### Information provided
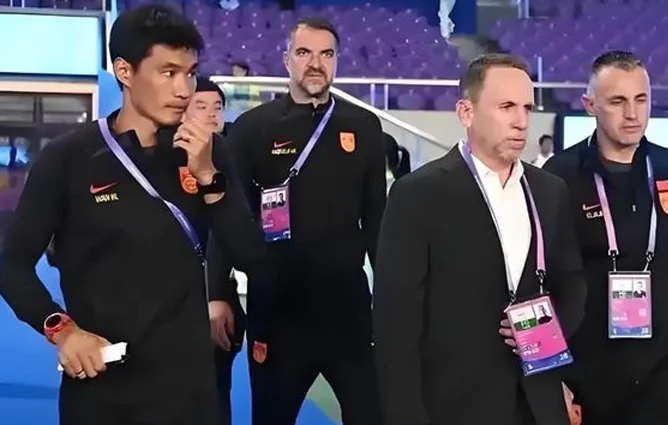 确定了！国足新帅浮出水面，3大热门全落选，宋凯布局一盘大棋？相关图三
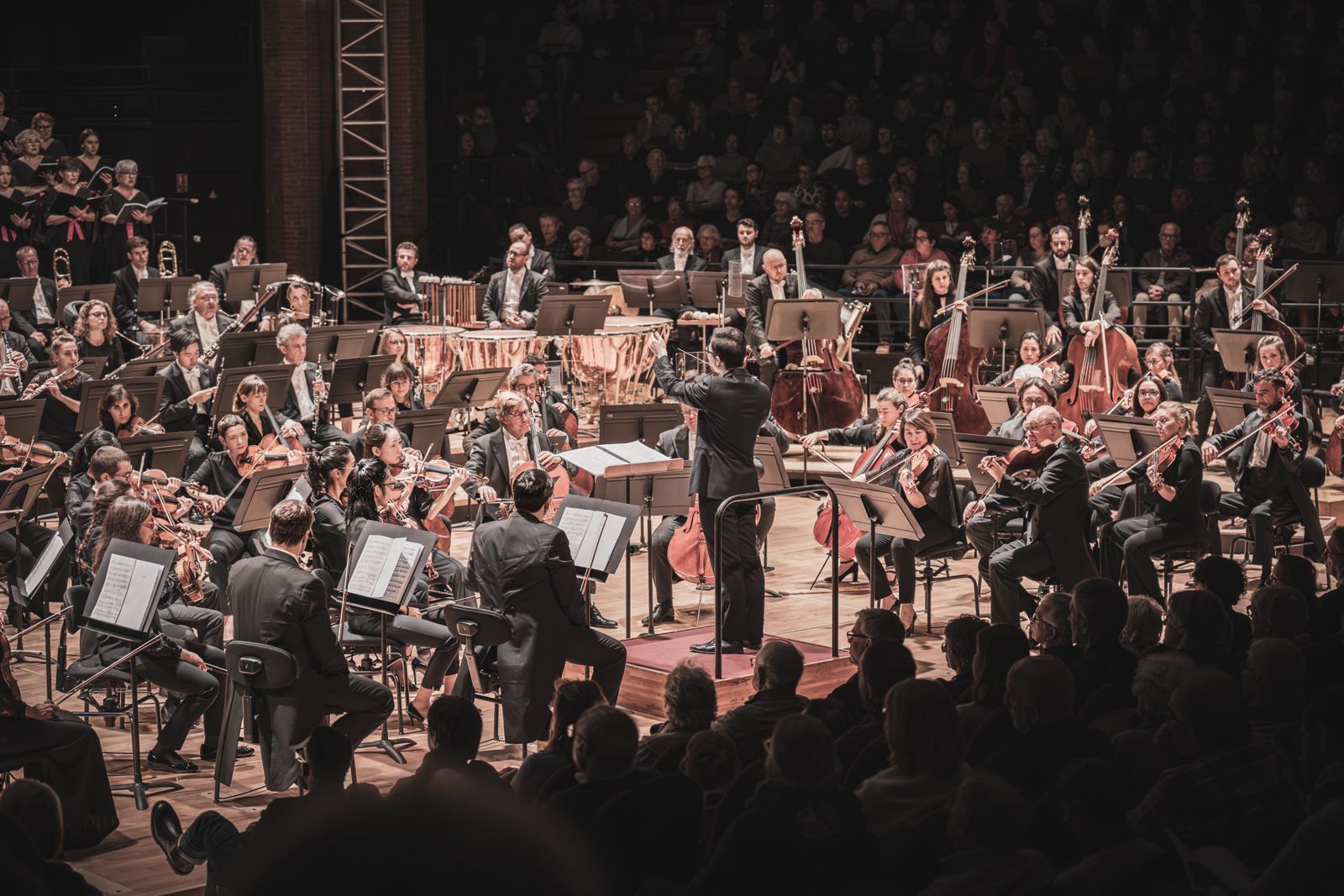 Tarmo Peltokoski dirige la <i>Sea Symphony</i> de Ralph Vaughan Williams à Toulouse &copy; Romain Alcaraz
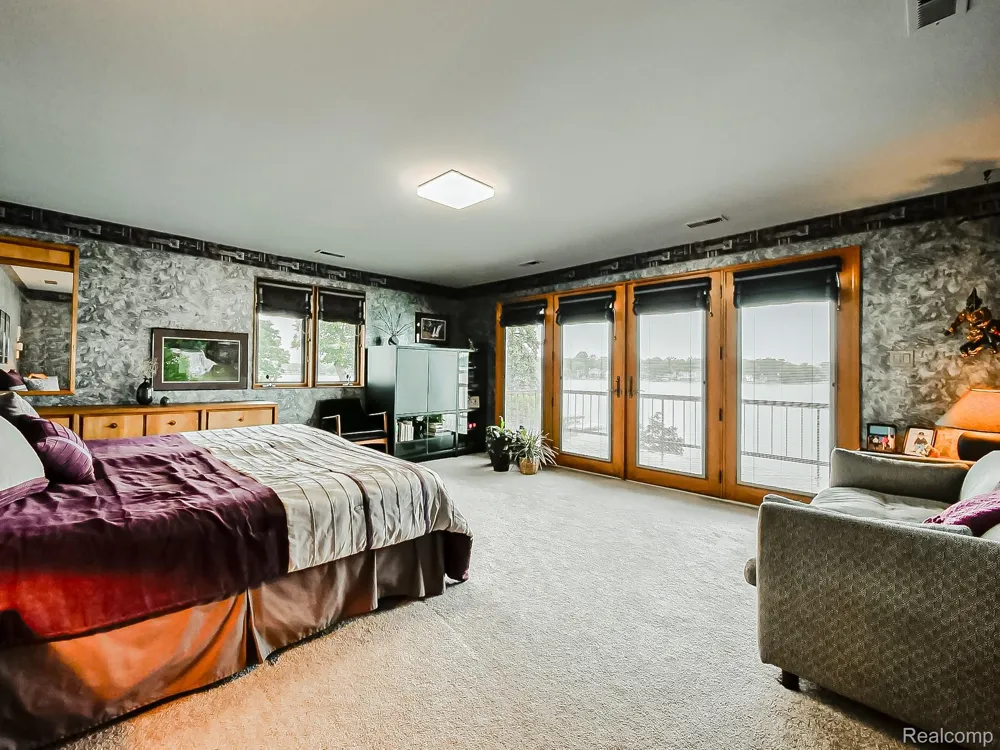 7830 Barnsbury Road West Bloomfield Charter Township, MI 48324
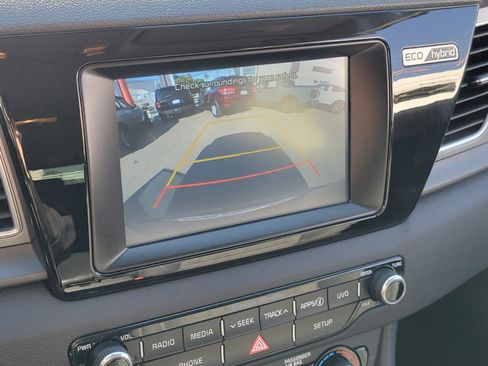 Used 2018 Kia Niro LX image 22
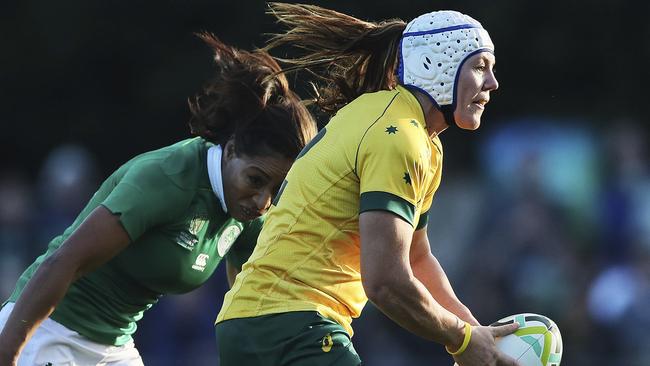 Australia's Sharni Williams and Ireland's Jenny Murphy challenge, during the 2017 Women's Rugby World Cup, Pool C match between Ireland and Australia, at the UCD Bowl, in Dublin, Wednesday, Aug. 9, 2017. (Brian Lawless/PA via AP)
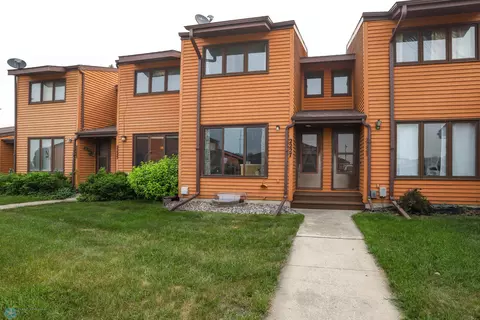 2227 4th Ave S, Moorhead, MN 56560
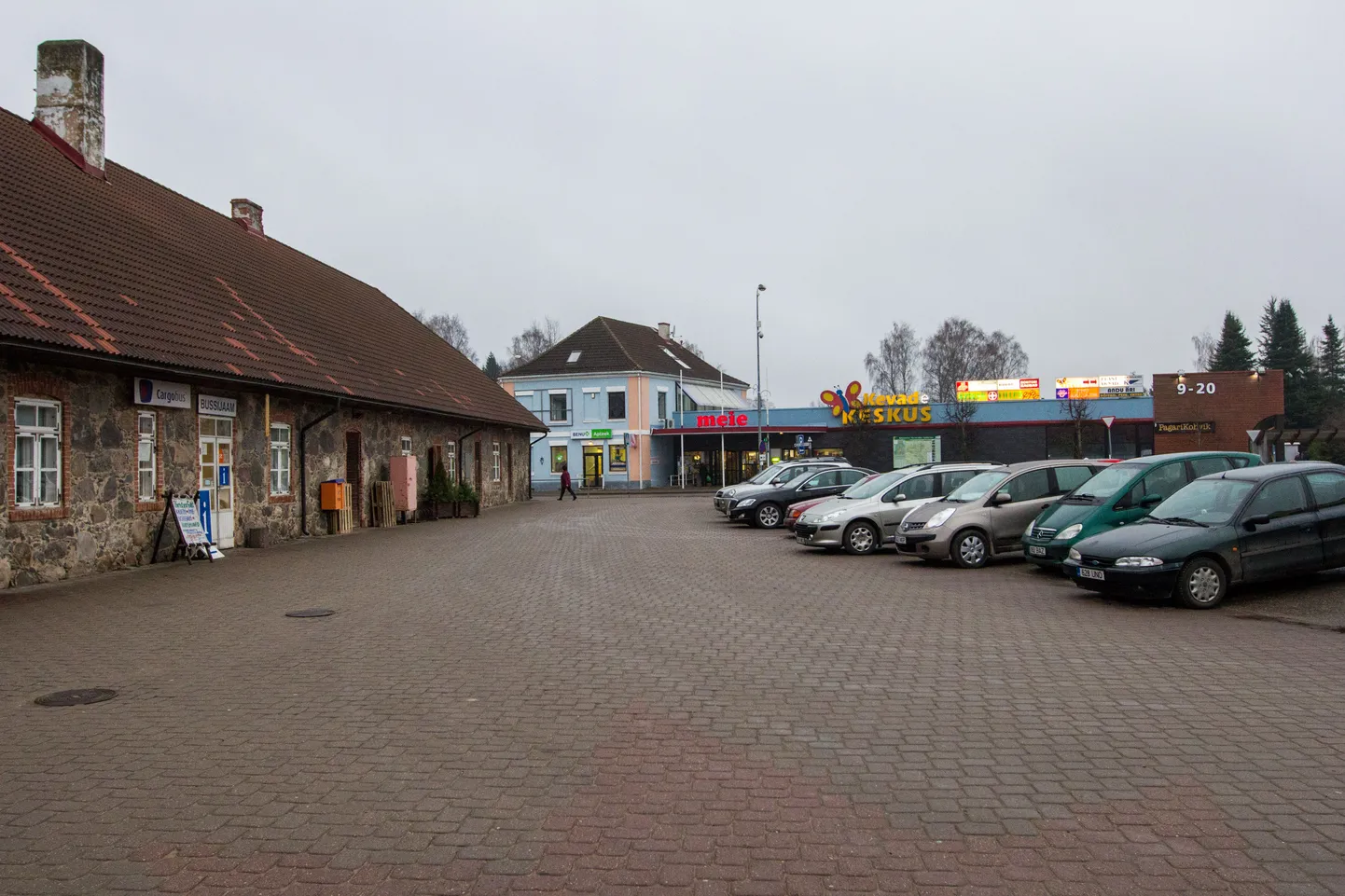 Tõrva keskväljak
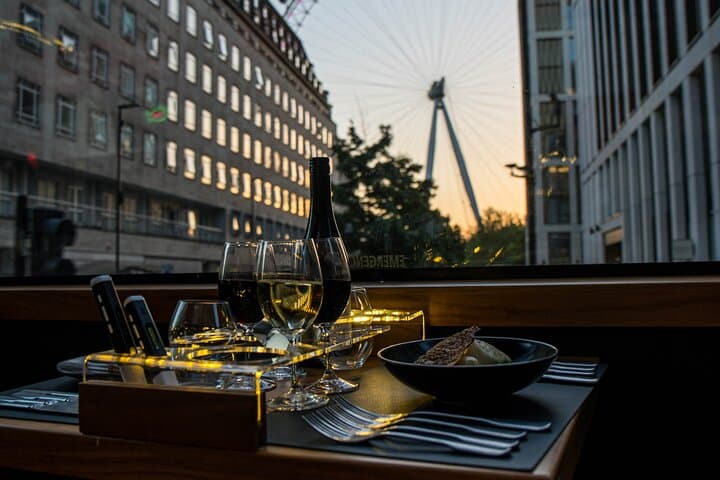London Luxury Dinner Bus: 6-Course Panoramic City Tour photo 2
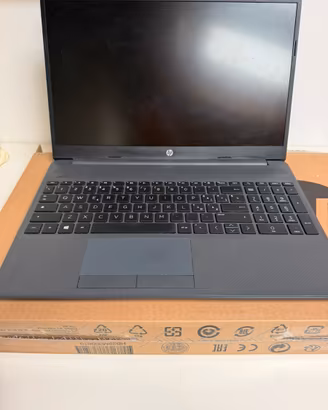 Notebook HP 15 i5 / RAM 12 GB / SSD 512 GB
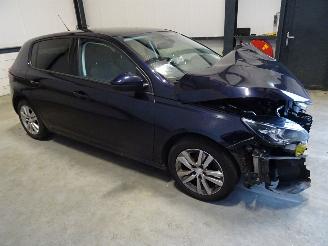 demontáž osobní automobily Peugeot 308 1.2 THP 2018/7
######
Assigned task: Copy out nothing but the lines from the beginning of the records through the one that contains "Notebook HP 15 i5 / RAM 12 GB / SSD 512 GB". Skip the pictures.

Answer for this exercise:
 确定了！国足新帅浮出水面，3大热门全落选，宋凯布局一盘大棋？相关图三
 Tarmo Peltokoski dirige la <i>Sea Symphony</i> de Ralph Vaughan Williams à Toulouse &copy; Romain Alcaraz
 7830 Barnsbury Road West Bloomfield Charter Township, MI 48324
 Used 2018 Kia Niro LX image 22
 Australia's Sharni Williams and Ireland's Jenny Murphy challenge, during the 2017 Women's Rugby World Cup, Pool C match between Ireland and Australia, at the UCD Bowl, in Dublin, Wednesday, Aug. 9, 2017. (Brian Lawless/PA via AP)
 2227 4th Ave S, Moorhead, MN 56560
 Tõrva keskväljak
London Luxury Dinner Bus: 6-Course Panoramic City Tour photo 2
 Notebook HP 15 i5 / RAM 12 GB / SSD 512 GB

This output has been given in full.